Extracted records:
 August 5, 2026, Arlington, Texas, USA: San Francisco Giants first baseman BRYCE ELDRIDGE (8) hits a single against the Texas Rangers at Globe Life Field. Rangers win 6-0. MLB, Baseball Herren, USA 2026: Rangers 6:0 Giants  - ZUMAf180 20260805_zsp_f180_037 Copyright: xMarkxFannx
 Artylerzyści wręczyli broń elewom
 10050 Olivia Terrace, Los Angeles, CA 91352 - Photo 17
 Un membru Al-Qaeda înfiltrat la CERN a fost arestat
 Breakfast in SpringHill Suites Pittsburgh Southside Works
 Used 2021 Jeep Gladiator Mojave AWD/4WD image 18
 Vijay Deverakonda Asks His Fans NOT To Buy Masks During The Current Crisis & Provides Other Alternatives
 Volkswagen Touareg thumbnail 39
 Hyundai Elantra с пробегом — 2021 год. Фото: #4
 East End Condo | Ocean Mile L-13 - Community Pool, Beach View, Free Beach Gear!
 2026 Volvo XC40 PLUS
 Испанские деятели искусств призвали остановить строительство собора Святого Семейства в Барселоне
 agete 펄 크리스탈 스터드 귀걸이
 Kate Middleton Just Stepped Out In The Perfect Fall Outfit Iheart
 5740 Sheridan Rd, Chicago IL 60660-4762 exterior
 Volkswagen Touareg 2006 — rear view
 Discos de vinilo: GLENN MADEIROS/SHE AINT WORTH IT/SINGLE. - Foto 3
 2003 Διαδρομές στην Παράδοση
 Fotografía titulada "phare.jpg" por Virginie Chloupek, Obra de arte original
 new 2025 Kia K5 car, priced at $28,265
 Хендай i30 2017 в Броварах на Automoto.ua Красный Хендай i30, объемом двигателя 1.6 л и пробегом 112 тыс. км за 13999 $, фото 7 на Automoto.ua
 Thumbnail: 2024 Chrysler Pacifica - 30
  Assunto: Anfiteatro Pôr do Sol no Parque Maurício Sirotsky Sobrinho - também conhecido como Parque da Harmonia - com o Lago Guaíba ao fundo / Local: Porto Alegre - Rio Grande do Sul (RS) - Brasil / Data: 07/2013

* WORK TASK
Repeat, word for word, all of the data shown above.

* TASK SOLUTION
 August 5, 2026, Arlington, Texas, USA: San Francisco Giants first baseman BRYCE ELDRIDGE (8) hits a single against the Texas Rangers at Globe Life Field. Rangers win 6-0. MLB, Baseball Herren, USA 2026: Rangers 6:0 Giants  - ZUMAf180 20260805_zsp_f180_037 Copyright: xMarkxFannx
 Artylerzyści wręczyli broń elewom
 10050 Olivia Terrace, Los Angeles, CA 91352 - Photo 17
 Un membru Al-Qaeda înfiltrat la CERN a fost arestat
 Breakfast in SpringHill Suites Pittsburgh Southside Works
 Used 2021 Jeep Gladiator Mojave AWD/4WD image 18
 Vijay Deverakonda Asks His Fans NOT To Buy Masks During The Current Crisis & Provides Other Alternatives
 Volkswagen Touareg thumbnail 39
 Hyundai Elantra с пробегом — 2021 год. Фото: #4
 East End Condo | Ocean Mile L-13 - Community Pool, Beach View, Free Beach Gear!
 2026 Volvo XC40 PLUS
 Испанские деятели искусств призвали остановить строительство собора Святого Семейства в Барселоне
 agete 펄 크리스탈 스터드 귀걸이
 Kate Middleton Just Stepped Out In The Perfect Fall Outfit Iheart
 5740 Sheridan Rd, Chicago IL 60660-4762 exterior
 Volkswagen Touareg 2006 — rear view
 Discos de vinilo: GLENN MADEIROS/SHE AINT WORTH IT/SINGLE. - Foto 3
 2003 Διαδρομές στην Παράδοση
 Fotografía titulada "phare.jpg" por Virginie Chloupek, Obra de arte original
 new 2025 Kia K5 car, priced at $28,265
 Хендай i30 2017 в Броварах на Automoto.ua Красный Хендай i30, объемом двигателя 1.6 л и пробегом 112 тыс. км за 13999 $, фото 7 на Automoto.ua
 Thumbnail: 2024 Chrysler Pacifica - 30
  Assunto: Anfiteatro Pôr do Sol no Parque Maurício Sirotsky Sobrinho - também conhecido como Parque da Harmonia - com o Lago Guaíba ao fundo / Local: Porto Alegre - Rio Grande do Sul (RS) - Brasil / Data: 07/2013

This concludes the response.